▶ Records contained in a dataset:
┄┄┄┄┄┄┄┄┄┄┄┄┄┄┄┄┄┄┄┄
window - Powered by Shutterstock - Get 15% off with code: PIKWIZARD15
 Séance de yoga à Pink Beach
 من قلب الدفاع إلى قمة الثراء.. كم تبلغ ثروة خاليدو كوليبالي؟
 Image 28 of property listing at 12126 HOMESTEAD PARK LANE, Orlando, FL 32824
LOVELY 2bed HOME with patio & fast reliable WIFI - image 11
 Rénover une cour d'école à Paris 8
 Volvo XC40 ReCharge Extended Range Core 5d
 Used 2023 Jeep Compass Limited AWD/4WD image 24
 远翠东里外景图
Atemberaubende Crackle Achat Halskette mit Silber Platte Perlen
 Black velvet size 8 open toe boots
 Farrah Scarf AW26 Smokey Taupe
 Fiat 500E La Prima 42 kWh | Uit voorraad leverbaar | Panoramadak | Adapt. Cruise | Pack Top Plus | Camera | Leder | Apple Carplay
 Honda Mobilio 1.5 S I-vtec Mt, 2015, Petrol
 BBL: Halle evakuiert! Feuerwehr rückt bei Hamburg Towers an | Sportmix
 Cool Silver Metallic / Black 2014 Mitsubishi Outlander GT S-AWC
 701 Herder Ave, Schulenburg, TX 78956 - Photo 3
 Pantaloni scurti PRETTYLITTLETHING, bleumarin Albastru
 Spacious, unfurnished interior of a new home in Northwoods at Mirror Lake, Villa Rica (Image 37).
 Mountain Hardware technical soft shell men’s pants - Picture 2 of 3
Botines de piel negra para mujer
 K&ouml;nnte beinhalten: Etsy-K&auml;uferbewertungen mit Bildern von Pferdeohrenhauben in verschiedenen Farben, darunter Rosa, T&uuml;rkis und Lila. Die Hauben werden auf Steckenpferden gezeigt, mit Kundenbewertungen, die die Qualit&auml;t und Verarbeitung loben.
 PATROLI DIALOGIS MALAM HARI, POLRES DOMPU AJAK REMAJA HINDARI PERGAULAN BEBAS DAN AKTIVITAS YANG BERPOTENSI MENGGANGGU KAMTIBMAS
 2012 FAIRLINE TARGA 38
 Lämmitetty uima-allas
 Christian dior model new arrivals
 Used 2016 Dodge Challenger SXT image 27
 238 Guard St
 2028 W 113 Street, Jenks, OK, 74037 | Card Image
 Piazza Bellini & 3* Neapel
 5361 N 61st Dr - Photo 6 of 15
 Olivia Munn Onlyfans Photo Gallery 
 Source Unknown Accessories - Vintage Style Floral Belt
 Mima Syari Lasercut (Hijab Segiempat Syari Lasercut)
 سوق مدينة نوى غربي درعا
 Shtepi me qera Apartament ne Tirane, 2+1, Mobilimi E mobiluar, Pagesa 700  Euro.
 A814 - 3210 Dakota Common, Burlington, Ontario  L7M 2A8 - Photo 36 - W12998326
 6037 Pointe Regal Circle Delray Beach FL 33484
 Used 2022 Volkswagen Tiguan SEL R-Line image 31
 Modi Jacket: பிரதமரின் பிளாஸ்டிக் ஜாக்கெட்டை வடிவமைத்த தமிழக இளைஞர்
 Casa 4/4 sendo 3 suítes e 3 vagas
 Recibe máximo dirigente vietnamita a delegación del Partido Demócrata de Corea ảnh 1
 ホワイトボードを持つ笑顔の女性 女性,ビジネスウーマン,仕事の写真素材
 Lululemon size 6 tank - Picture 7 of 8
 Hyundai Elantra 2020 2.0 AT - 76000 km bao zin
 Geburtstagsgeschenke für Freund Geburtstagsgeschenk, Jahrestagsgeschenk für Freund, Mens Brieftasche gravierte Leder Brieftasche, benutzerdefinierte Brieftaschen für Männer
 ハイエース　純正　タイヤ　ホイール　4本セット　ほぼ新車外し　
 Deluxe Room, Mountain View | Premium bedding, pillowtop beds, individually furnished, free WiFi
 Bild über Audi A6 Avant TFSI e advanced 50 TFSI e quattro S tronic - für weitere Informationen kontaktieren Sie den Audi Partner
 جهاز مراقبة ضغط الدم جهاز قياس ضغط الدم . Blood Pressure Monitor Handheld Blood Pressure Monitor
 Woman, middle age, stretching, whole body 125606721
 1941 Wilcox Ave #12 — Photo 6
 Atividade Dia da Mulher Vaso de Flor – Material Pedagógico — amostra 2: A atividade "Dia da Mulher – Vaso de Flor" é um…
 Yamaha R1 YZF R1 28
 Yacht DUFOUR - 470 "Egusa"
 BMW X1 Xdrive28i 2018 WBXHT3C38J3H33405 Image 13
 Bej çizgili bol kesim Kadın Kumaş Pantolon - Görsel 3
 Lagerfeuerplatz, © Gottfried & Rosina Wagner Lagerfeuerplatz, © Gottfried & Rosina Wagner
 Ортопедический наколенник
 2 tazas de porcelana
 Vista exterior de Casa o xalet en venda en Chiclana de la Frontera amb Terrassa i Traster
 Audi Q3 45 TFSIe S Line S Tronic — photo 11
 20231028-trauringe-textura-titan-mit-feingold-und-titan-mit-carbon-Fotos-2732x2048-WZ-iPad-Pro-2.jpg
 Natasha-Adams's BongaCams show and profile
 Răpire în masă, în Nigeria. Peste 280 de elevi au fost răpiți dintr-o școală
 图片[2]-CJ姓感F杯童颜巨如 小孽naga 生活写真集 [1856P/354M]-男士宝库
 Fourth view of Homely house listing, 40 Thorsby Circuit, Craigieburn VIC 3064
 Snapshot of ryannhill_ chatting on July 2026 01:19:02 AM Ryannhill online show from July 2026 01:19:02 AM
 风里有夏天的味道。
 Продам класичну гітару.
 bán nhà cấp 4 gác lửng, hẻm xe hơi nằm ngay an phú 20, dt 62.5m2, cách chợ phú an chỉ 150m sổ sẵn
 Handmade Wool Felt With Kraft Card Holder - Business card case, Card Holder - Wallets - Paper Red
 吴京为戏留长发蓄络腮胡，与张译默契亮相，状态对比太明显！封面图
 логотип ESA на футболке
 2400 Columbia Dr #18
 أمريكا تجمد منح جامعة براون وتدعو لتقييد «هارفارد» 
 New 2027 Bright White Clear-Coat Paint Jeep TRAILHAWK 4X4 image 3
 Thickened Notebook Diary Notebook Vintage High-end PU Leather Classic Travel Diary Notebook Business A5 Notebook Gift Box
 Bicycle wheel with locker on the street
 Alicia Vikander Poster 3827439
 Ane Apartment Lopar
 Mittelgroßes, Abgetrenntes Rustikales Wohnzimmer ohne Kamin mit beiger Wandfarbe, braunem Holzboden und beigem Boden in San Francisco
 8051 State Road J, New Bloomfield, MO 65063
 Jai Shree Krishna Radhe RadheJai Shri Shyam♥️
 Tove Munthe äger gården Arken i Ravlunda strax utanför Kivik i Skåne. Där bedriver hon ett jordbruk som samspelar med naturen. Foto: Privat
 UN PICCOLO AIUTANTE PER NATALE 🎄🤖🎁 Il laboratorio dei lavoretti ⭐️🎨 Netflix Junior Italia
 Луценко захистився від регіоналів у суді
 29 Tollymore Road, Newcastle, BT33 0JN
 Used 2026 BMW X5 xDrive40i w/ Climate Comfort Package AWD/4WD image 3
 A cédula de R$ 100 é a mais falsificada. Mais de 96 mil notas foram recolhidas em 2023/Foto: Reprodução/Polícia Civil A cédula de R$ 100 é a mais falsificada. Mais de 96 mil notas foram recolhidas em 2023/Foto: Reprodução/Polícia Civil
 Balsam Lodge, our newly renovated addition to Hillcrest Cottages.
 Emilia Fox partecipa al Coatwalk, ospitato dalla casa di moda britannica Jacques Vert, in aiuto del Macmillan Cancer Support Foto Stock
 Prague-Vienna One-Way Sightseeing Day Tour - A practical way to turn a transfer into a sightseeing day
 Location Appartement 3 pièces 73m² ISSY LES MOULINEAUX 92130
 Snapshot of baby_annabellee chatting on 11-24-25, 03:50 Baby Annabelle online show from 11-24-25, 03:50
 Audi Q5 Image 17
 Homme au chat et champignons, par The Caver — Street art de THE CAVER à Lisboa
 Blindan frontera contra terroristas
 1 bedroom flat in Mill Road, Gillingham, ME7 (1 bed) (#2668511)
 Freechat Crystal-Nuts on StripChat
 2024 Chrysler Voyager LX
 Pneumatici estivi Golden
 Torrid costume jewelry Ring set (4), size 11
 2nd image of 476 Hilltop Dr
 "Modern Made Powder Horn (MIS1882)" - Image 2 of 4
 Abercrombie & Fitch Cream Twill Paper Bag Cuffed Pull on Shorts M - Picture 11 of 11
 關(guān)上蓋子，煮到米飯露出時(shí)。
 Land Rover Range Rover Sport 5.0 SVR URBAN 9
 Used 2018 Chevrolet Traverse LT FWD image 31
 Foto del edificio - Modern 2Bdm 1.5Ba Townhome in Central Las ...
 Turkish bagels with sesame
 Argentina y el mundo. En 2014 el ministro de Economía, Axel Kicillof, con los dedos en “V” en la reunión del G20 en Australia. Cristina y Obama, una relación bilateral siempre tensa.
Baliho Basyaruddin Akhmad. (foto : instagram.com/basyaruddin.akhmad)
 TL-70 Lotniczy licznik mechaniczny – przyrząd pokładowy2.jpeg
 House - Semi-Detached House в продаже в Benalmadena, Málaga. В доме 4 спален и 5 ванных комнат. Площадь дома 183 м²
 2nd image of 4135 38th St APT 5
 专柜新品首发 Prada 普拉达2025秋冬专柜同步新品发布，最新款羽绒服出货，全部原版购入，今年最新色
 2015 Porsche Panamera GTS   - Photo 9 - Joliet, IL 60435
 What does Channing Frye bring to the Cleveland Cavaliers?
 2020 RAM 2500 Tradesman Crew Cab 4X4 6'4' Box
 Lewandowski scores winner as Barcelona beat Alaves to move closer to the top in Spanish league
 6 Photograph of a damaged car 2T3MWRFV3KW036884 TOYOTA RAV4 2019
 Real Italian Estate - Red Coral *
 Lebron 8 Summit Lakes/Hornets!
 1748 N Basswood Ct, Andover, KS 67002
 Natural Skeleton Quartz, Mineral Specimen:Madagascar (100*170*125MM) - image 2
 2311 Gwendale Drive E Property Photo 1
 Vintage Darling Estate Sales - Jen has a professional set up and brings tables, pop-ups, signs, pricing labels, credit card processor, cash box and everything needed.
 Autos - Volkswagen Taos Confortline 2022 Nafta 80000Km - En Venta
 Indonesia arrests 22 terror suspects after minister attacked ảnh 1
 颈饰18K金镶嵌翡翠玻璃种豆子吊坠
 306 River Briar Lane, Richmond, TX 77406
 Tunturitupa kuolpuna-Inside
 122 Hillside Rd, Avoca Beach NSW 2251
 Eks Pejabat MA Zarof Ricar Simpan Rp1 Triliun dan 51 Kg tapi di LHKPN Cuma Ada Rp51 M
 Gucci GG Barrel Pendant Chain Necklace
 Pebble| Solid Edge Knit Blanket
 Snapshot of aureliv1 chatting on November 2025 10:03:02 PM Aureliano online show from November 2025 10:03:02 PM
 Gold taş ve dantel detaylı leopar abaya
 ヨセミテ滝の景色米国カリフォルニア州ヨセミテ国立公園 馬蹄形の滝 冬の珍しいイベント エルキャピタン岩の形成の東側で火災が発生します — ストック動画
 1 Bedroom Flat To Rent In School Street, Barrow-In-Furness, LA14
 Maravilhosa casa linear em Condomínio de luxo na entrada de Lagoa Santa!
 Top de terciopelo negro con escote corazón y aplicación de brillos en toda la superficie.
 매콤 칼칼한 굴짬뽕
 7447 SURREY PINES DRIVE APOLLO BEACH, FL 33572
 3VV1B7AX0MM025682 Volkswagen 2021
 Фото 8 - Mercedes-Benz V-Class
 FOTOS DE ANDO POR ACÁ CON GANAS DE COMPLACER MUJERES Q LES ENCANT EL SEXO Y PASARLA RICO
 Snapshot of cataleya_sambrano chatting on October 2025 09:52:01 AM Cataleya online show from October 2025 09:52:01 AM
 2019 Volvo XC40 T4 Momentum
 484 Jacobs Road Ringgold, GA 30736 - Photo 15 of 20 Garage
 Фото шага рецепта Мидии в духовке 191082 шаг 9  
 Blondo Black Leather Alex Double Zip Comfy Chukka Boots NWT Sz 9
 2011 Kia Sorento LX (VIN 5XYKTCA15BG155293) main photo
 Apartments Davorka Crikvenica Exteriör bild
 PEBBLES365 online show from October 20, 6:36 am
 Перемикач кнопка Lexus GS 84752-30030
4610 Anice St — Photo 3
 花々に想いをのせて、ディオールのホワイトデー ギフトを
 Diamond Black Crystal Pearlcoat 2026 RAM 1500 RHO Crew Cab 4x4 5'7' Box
┄┄┄┄┄┄┄┄┄┄┄┄┄┄┄┄┄┄┄┄
▶ EXERCISE DESCRIPTION:
Of the lines above, retype only those from the line containing "Volvo XC40 ReCharge Extended Range Core 5d" through the line containing "BBL: Halle evakuiert!", including both, exactly.

▶ SOLUTION TO THIS EXERCISE:
 Volvo XC40 ReCharge Extended Range Core 5d
 Used 2023 Jeep Compass Limited AWD/4WD image 24
 远翠东里外景图
Atemberaubende Crackle Achat Halskette mit Silber Platte Perlen
 Black velvet size 8 open toe boots
 Farrah Scarf AW26 Smokey Taupe
 Fiat 500E La Prima 42 kWh | Uit voorraad leverbaar | Panoramadak | Adapt. Cruise | Pack Top Plus | Camera | Leder | Apple Carplay
 Honda Mobilio 1.5 S I-vtec Mt, 2015, Petrol
 BBL: Halle evakuiert! Feuerwehr rückt bei Hamburg Towers an | Sportmix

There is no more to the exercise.